THE BOARD OF DIRECTORS RECOMMENDS THAT STOCKHOLDERS OF THE FUND VOTE "FOR" PROPOSAL 2.
10
Summary of Board Meetings and Considerations
The Board of Directors, including the Independent Directors, met at an in-person meeting on May 10, 2018 to evaluate, among other things, ALPS and RMA, and to determine whether approving the New Advisory Agreement and the New Sub-Advisory Agreement (as well as the Interim Advisory Agreement and the Interim Sub-Advisory Agreement) was in the best interests of the Fund's Stockholders. In addition to the meeting on May 10, 2018, the Board met on May 3, 2018 to review various contract materials associated with the New Advisory Agreement and the New Sub-Advisory Agreement. At the Board meetings and throughout the process of considering the new agreements, the Board, including a majority of the Independent Directors, was advised by its independent legal counsel.
In their consideration of the approval of the New Advisory Agreement and New Sub-Advisory Agreement, the Board and its counsel reviewed materials furnished by ALPS and RMA and communicated with senior representatives of ALPS and RMA regarding their personnel, operations and financial condition. The Board also reviewed the terms of the New Advisory Agreement and the New Sub-Advisory Agreement and considered their possible effects on the Fund and its Stockholders. In this regard, the Directors spoke with representatives of ALPS and RMA during the Board meetings and in private sessions to discuss the anticipated effects of the new agreements.
During these meetings, the representatives of ALPS and RMA indicated their belief that the adoption of the new agreements would not adversely affect (i) the continued operation of the Fund; (ii) the capabilities of the senior personnel and investment advisory personnel of RMA, who managed the Fund under the Former Advisory Agreement, to continue to provide these and other services to the Fund at the same levels; or (iii) the capability of ALPS to provide quality advisory services to the Fund.
Approval of New Advisory Agreement and New Sub-Advisory Agreement
In approving the New Advisory Agreement and the New Sub-Advisory Agreement, the Directors, including the Independent Directors, considered the following factors:
Nature, Extent, and Quality of Services.
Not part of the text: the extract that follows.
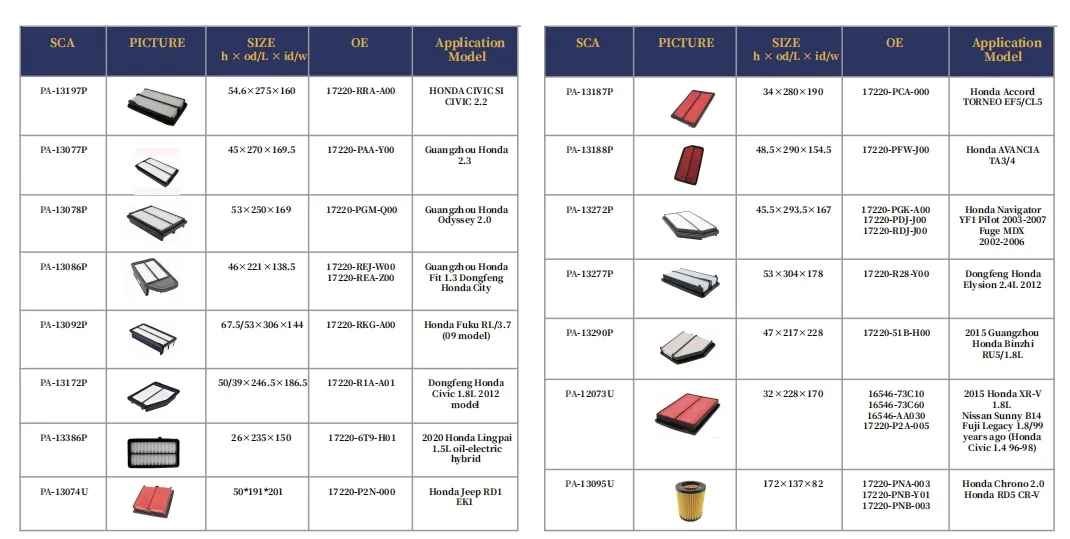Filter Product Line 2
In examining the nature, extent and quality of the investment advisory services to be provided by ALPS, the Directors considered the qualifications, experience and capability of ALPS' management and other personnel. The Directors considered, among other matters, the process by which ALPS plans to perform oversight of the Fund, including due diligence regarding product structure, resources, personnel, technology, performance, compliance and oversight of the Sub-Adviser. The Board noted ALPS' continued and grown strength in the investment, compliance and oversight areas.
With respect to the nature, extent and quality of the services provided by the Sub-Adviser, the Directors considered the extent of care and conscientiousness with which the Sub-Adviser performed its duties, as well as the investment management process it used, as the Fund's former Co-Investment Adviser, in managing the assets of the Fund, including the experience and capability of the Sub-Adviser's management and other personnel responsible for the portfolio management of the Fund and compliance with the Fund's investment policies and restrictions. The Directors considered the fact that Brendon J. Fischer, who served as one of the Fund's portfolio managers, will no longer serve as a portfolio manager; whereas Stewart R. Horejsi and Joel W. Looney, the other two portfolio managers for the Fund, will continue to serve in that capacity. The Directors noted the strong partnership between ALPS and the Sub-Adviser and the synergies gained by the Fund through this partnership. The Board also recognized the Sub-Adviser's continued commitment to the Fund.
The Directors considered assurances received from ALPS and the Sub-Adviser that the manner in which the Fund's assets are managed will not change as a result of the change in investment advisers, and that there is not expected to be any diminution in the nature, quality and extent of the advisory services provided to the Fund. Based on the totality of the information considered, the Directors concluded that the Fund was likely to benefit from the nature, extent and quality of ALPS' and the Sub-Adviser's services, and that ALPS and the Sub-Adviser have the ability to provide these services based on their respective experience, operations and current resources.
11
Investment Performance of the Fund. The Board reviewed the Fund's investment performance over time and compared that performance to that of other funds in its peer group. In making its comparisons, the Board utilized a report from Broadridge Financial Solutions, Inc. ("Broadridge"), an independent provider of investment company data. The Board considered the Fund's net asset value total return relative to the average and median returns for a group of open-end and closed-end funds determined to be most similar to the Fund by Broadridge in consultation with the Fund's lead Independent Director. After considering all of the information provided, and the limitations inherent in the Broadridge data, the Board concluded that the Fund's performance and the fact that RMA will continue to provide portfolio management services to the Fund, supported the approval of the New Advisory Agreement and the New Sub-Advisory Agreement.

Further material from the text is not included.